‘Impact’ should be the be the beating heart of charity finance…not just a reporting requirement

When a word or phrase grows in popularity and is used with increased frequency, it becomes easy to assume that we know what we mean by it, and that a consistent definition is employed by all.

Take ‘impact reporting’ as an example.

Without a doubt, this has entered the common vernacular of the charitable sector, and it absolutely deserves that. ‘Impact’ should, without question, be the norm in charity finance, but we’re in danger of losing its true value if we only consider it at the point that reporting takes place. Would ‘impact financing’ be a more appropriate phrase to employ?

A key issue that we have here, is that because we’re considering ‘impact’ through the potentially narrow view of the reporting function, we focus too much on the outcomes, the ‘how we spent the money, and the impact it had’, and not always enough on the ‘how we should, or could, spend the money to achieve the greatest impact’.

Take as an example a hospice. Annual funding from its myriad efforts across retail, sponsorship, lotteries and the like, may support 15 inpatient beds, whilst the same level of funding could deliver at-home care to a far larger number of beneficiaries. In this scenario, the measure of impact is balanced between quantity and quality – more people may benefit from ‘lighter-touch’ hospice support, versus fewer receiving a gold-standard experience.

If we ask which of these outcomes address the aims and beliefs of the organisation, arguably they both do. They both have clear impact, and whichever avenue the hospice in question follows, both can be reported with confidence and pride.

Herein lies some of the problem; organisations fear or avoid impact reporting simply because of the inconsistent nature of the definition of impact itself. Sometimes ‘good enough’ IS enough, especially where ‘perfect’ is out of reach.

When it comes to the reporting of impact itself, we’ve all seen celebratory claims of ‘we’ve reached 10% more this year than we did last year…’, rarely in the same breath do we see ‘but we’ve also increased expenditure by 50% in order to do so…’

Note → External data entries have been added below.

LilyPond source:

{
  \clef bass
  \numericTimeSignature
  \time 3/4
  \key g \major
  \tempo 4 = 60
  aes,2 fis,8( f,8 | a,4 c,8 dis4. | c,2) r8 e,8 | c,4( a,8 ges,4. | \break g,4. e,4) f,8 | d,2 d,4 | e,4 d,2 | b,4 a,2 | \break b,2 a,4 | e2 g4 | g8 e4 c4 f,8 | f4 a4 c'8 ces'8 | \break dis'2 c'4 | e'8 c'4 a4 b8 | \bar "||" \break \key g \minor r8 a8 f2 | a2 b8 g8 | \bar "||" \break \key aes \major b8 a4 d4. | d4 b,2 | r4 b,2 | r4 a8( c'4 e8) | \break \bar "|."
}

Simply, a lot of impact reports don’t dive deep into the money spent, if indeed they mention it at all!

Annual accounts, done properly, should seamlessly weave together the money spent (and the considerations that went into those spending decisions), and the outcome (the ‘impact’) of that expenditure. Rather than simply a set of figures, do the accounts meaningfully convey the whole story of the charity? Funds raised by the charity are the key vehicle that drive forward its mission and deliver its impact, however categorised. The accounts should, therefore, detail the allocation of funds in a way that illustrates the charity’s vision and mission. If they do, then the organisation’s impact has been reported too.